### WORK TO BE COMPLETED
What is needed is an exact reproduction of the lines from the one that contains "Электрический 3-колесный вилочный" through the end of the data, both included and nothing else, with pictures omitted.

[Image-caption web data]

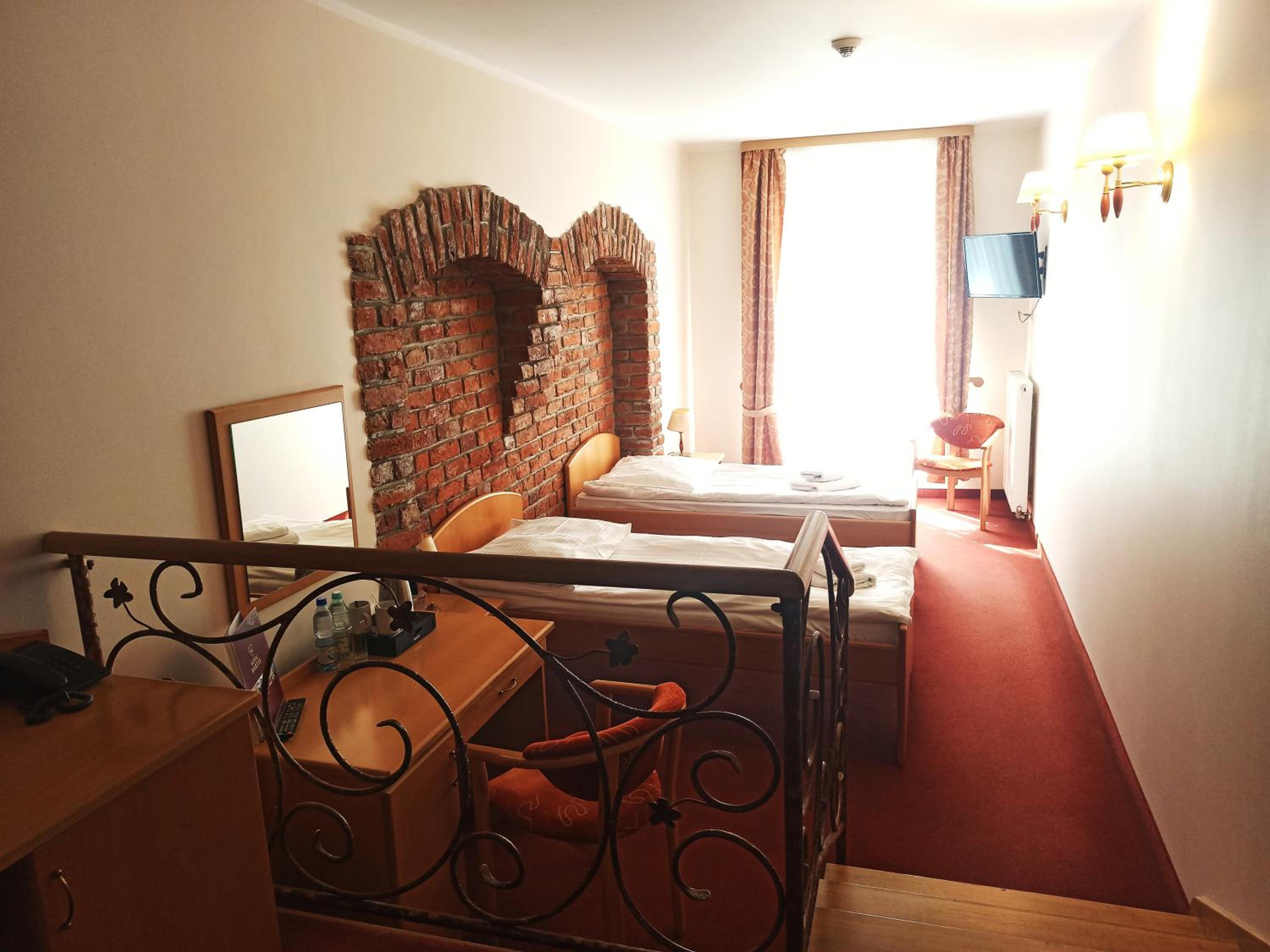 Comfort Twin Room - Photo 8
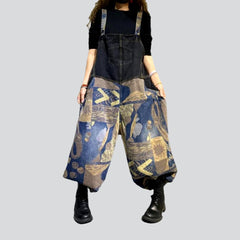 Jumpsuit aus dunklem Denim mit Urban-Print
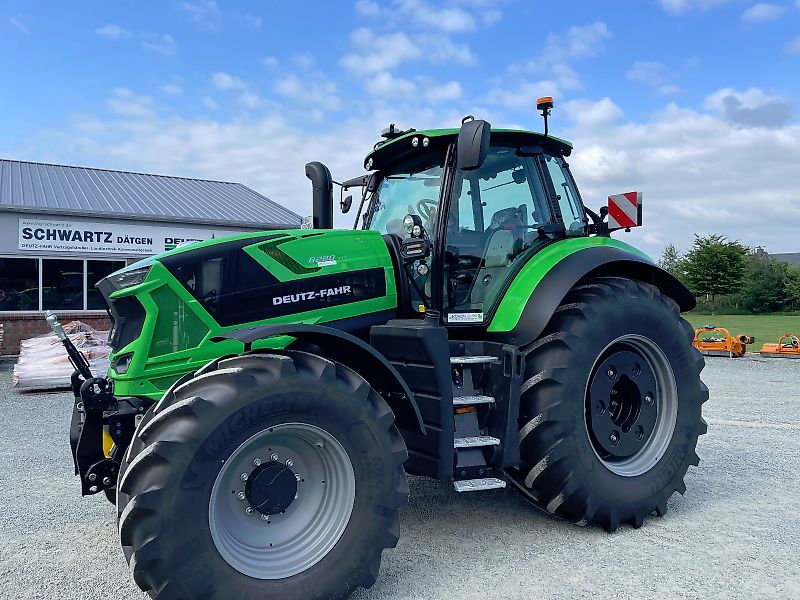 Deutz-Fahr 8280 Erfahrungsbericht Titelbild
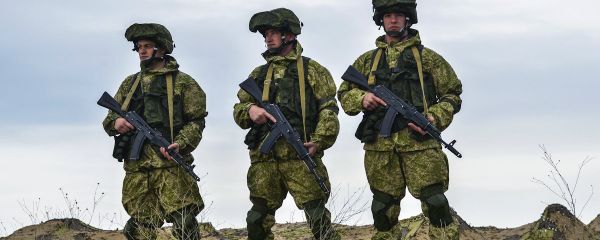 Russian servicemen during the Command Post exercise of the Airborne Force at the Opuk base in Crimea. - Sputnik International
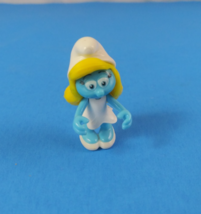 Kinder Surprise Peyo Smurfs The Lost Village Smurfette 1.5&quot; Collectible ... - $4.84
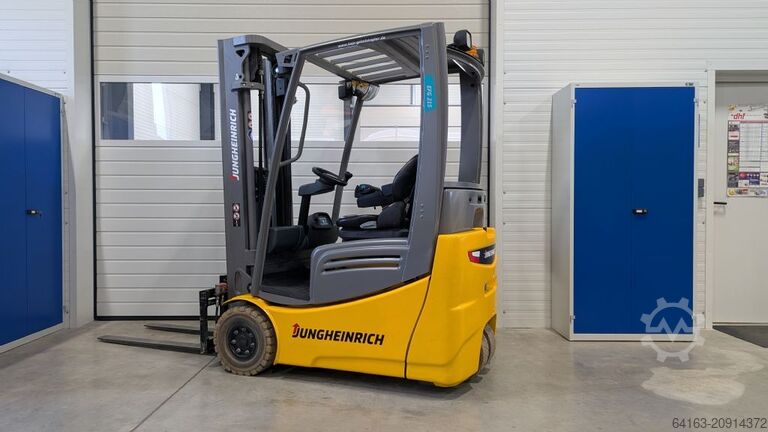 Электрический 3-колесный вилочный погрузчик Jungheinrich EFG 215 GE115-480DZ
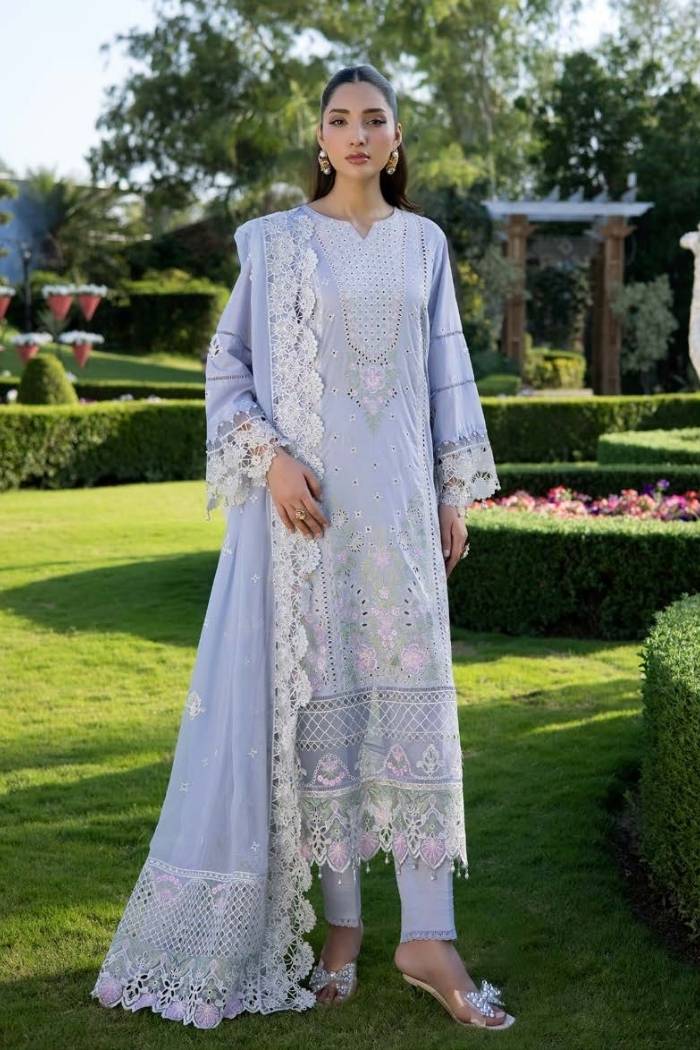 Raeesa | Amani Luxury Lawn | AVRA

### RESPONSE TO THE EXERCISE
 Электрический 3-колесный вилочный погрузчик Jungheinrich EFG 215 GE115-480DZ
 Raeesa | Amani Luxury Lawn | AVRA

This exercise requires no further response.